# Arborvitae (Thuja occidentalis) as wood



## Treefarmer (Mar 19, 2007)

I'm not sure how many of you have had a chance to use it but for some purposes I'm finding it to be a great species to work with. it's obviously not all that commonly available but I think it could be worth searching out for some projects and if you hear of someone losing a big one in a storm maybe seeing if you can get some…

One problem seems to be identifying it…...it gets confused with some other cedar or juniper species easily. This is the widely used landscape species. They've been selling it in droves for landscape screens for a long time. Many of those trees are reaching their age limit. At the moment I have what looks to be an overabundance of it. The string of nor'easters this winter took down about 20 trees on my property that were 60+ years old…. making lemonade out of lemons I have a lot planned for it.

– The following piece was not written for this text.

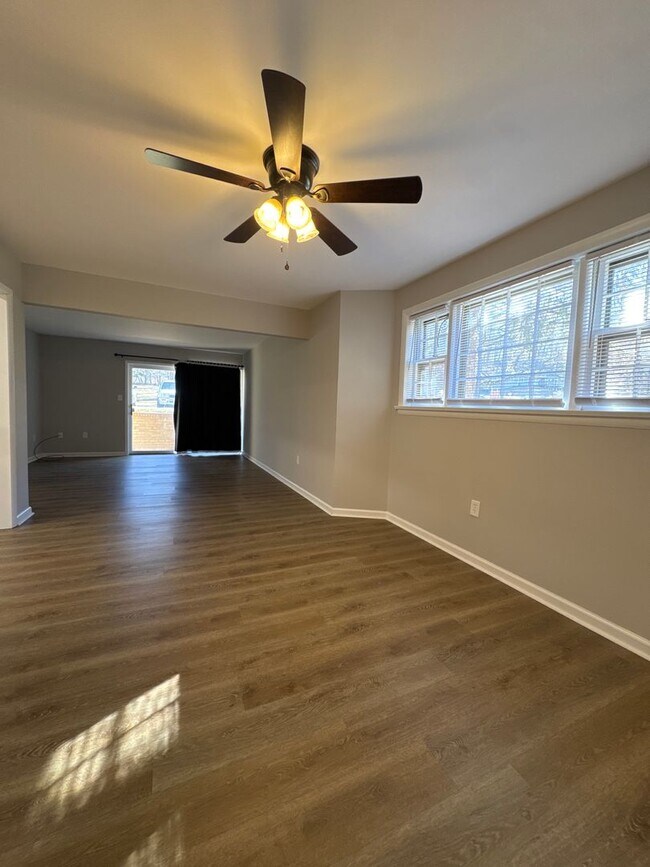 Building Photo - Quail Valley-6A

I've worked with some of it I cut down last summer. Carving projects only to this point but you can't help but notice the woods most outstanding quality when you are moving logs…..it's crazy light. So light I'm having boards cut to try and build a standup paddleboard from it. It also seems pretty strong and dense for such a light wood, it cuts and shapes easily. I'm going to hoard any boards I do get for special projects that require light weight. It carves like butter. I'm going to have lots of chunks to carve. Much of it is hollow or punky in the center but that can be used for some funky projects. I'm building a fairy house for my soon to be born 2nd granddaughter. It also makes for awesome easy to build birdhouses, and I've built a couple of interesting wooden drums with/for my 8 yr old granddaughter. I rebuilt the cupola on our garage and added a weathervane with a carved whale….he held up through the nor'easters….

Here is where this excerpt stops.